Picked young and cooked within a day, broad beans are a delicacy. Take a chance and grow them next year if you haven’t discovered this secret.

This rich salad is exquisite and is best served on its own as a starter, with fresh crusty bread to mop up every drop of the juices.

Broad bean and smoked duck breast salad with a garlic and spring onion dressing recipe (starter for 4)

For the salad:

  • A couple of handfuls of podded broad beans (about 15 – 20 smallish pods)
  • 2 continental spring onions (sliced fine)
  • 50g of cubed, smoked duck breast

For the dressing:

  • 8 tsp olive oil
  • 2 tsp of lemon juice
  • 2 tsp of white wine vinegar
  • Half a heaped tsp of mustard powder
  • Half a flat tsp of salt
  • 1 fat clove of garlic
  • 2 spring onions chopped
  • 1 tsp of sugar to taste


  1. Add the podded broad beans to boiling water bring up to simmering point and simmer for four minutes and strain. They should be soft with a bite.
  2. Meanwhile toss your garlic and sliced spring onion into your food processor. Blitz. Then pour in the olive oil and the mustard powder and salt. Blitz again. When the mixture has emulsified add the lemon juice, sugar and vinegar. Blitz. (this dressing could be chopped and beaten by hand at a pinch).
  3. Pour the dressing over the warm broad beans and allow the flavours to infuse for a few hours.
  4. Just before serving, Stir the spring onions into the salad, heat the duck breasts and scatter over the top. Serve in individual ramekins to avoid fights.

  Leave a reply


  1. Fiona Nevile

    Hello Kay

    That’s great!

    Your potato and choclate mint salad sound yummy.

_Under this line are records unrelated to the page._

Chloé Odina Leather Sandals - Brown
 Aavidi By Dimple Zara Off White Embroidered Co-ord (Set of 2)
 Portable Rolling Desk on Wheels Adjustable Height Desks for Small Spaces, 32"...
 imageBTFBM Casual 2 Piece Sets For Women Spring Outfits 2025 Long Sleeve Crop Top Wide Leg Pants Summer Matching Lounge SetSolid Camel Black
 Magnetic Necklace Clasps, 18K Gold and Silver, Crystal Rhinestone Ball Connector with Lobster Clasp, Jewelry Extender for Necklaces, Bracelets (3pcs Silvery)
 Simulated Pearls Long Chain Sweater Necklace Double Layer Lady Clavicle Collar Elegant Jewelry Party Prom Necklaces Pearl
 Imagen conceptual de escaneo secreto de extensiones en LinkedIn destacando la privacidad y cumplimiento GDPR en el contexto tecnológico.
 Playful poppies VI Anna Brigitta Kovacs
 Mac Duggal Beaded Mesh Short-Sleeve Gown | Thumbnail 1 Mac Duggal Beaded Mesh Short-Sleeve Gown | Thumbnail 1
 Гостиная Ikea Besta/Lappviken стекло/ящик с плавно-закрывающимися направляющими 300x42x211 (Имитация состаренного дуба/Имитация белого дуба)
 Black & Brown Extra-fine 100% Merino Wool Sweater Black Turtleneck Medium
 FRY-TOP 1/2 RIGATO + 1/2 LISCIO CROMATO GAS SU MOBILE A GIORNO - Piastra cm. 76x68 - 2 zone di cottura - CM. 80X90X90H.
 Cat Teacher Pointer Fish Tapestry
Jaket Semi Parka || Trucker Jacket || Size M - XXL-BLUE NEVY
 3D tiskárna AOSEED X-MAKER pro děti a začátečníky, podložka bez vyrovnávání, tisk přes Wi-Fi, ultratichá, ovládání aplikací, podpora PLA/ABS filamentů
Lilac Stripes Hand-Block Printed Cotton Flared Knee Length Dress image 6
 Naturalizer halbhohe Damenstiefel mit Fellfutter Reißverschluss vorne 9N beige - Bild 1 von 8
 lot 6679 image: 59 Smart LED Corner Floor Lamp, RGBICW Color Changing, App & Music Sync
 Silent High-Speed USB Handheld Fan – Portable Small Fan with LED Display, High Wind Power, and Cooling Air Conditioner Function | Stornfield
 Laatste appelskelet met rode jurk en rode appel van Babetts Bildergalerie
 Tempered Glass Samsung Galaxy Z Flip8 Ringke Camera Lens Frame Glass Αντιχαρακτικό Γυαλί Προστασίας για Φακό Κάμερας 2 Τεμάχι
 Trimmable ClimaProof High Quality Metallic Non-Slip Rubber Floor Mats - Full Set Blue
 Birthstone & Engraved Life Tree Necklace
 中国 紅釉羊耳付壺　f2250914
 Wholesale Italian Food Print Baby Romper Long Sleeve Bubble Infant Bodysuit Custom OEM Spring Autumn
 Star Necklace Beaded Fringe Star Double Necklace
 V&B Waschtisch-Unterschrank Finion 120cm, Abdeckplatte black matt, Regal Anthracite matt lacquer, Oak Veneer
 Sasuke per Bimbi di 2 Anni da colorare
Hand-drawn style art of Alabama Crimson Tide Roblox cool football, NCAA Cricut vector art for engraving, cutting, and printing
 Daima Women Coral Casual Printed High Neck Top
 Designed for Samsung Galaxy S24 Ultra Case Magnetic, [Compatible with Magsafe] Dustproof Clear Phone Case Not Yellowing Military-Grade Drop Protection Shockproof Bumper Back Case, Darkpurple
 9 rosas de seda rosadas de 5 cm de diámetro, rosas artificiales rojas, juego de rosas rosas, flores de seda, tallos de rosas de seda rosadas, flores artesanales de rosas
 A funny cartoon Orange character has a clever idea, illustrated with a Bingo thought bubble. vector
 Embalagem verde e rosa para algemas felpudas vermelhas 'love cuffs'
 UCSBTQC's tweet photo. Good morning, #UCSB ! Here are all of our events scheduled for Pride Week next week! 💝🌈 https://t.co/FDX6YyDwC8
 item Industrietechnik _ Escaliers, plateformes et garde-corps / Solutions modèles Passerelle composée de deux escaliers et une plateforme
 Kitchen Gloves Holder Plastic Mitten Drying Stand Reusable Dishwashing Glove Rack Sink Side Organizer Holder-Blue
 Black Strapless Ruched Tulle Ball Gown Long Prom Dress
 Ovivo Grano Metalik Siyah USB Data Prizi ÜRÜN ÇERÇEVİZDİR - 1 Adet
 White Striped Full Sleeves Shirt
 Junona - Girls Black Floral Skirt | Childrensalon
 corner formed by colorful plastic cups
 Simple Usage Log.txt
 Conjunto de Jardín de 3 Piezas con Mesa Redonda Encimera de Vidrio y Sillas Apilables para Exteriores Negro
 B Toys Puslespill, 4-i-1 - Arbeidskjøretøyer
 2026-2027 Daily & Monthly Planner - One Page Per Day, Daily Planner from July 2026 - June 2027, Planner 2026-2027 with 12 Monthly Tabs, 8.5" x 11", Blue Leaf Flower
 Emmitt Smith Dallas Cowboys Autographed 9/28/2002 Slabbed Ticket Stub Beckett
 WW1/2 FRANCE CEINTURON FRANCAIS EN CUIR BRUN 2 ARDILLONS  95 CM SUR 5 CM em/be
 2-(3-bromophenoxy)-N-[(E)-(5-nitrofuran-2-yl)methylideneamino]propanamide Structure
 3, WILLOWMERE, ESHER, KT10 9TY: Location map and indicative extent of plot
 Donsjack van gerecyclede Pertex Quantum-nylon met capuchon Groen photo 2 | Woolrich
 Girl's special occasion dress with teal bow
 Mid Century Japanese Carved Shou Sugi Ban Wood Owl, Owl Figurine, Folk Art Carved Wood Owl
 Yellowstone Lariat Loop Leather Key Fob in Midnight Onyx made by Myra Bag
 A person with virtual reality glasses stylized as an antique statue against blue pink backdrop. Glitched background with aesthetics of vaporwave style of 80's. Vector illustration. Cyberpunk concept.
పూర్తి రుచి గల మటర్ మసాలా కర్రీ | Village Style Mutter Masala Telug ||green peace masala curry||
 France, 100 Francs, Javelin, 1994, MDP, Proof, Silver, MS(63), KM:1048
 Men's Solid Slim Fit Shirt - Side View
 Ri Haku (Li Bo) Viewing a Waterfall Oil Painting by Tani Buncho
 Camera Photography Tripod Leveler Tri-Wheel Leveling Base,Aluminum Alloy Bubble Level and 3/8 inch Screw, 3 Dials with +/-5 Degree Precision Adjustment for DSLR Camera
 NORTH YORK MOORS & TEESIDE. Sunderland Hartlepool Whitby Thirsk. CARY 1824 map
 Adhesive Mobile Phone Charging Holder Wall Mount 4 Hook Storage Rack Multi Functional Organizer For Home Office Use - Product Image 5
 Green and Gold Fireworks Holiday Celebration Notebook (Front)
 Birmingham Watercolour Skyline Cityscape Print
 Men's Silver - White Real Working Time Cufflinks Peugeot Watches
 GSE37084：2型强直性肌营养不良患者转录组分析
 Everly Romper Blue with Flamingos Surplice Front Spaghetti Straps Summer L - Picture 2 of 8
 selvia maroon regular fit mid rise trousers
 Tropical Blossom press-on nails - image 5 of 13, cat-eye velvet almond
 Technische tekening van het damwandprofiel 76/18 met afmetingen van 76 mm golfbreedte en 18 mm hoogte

  2. I made it – free-range duck breast rather than smoked, and served it with a new potato and chocolate mint salad (I got the chocolate mint at a herb fair and it does smell just like After 8 mints but tastes like mild spearmint) and it was superb! Thanks, Fiona, for a great dinner.

    And yes, I did get very wet picking the pods.

  3. Fiona Nevile

    Hi Hank

    Thanks so much for these tips!

    I didn’t slip the skins off but will try next time and also venture onto you site for your recipes!

    I’d always wondered what Fava beans were like! Now I know that Fava beans are broad beans.

    We still have beans gowing. I love them too!

  4. Did you slip the skin off those broad beans (which we call favas)? While they are perfectly edible with the skins, if you blanch the podded beans in salty water for a minute, then plunge them into ice water, the grayish-green skin will slip off to reveal the most beautiful, lurid green bean you have ever seen!

    Favas are my favorite bean — but only when they are bright green and fresh. If you still have some, slip the skins off and try your favas naked! (I have a bunch of recipes for them on my site if you are at all interested).

  5. Fiona Nevile

    Hi Magic Cochin

    That sounds like a wonderful recipe. Can’t wait to try it. Thanks!

    Hi Lindsay

    It is scrummy, but very rich so you only need a small amount.

    Hi Kay

    Hope that you liked it, if you did venture out in the rain.

  6. Sounds delicious! I might just try a version of this tonight, although it would mean picking broad beans in the rain ….

  7. Lindsay

    Lovely recipe – thanks.

  8. magic cochin

    Broad beans are the native north European bean – so what better to accompany smokey cured meat.

    Have you tried boiling a bacon joint then after taking the meat out cook newly dug potatoes and freshly harvested broad beans (and new carrots if you have them) in the cooking liquid. Make a bechamel sauce also using some of the liquor and add chopped parsley and savoury (THE herb for broad beans) and you have a smallholder’s feast of feasts!!!!!

    I’ll give the dressing a try sounds yummy!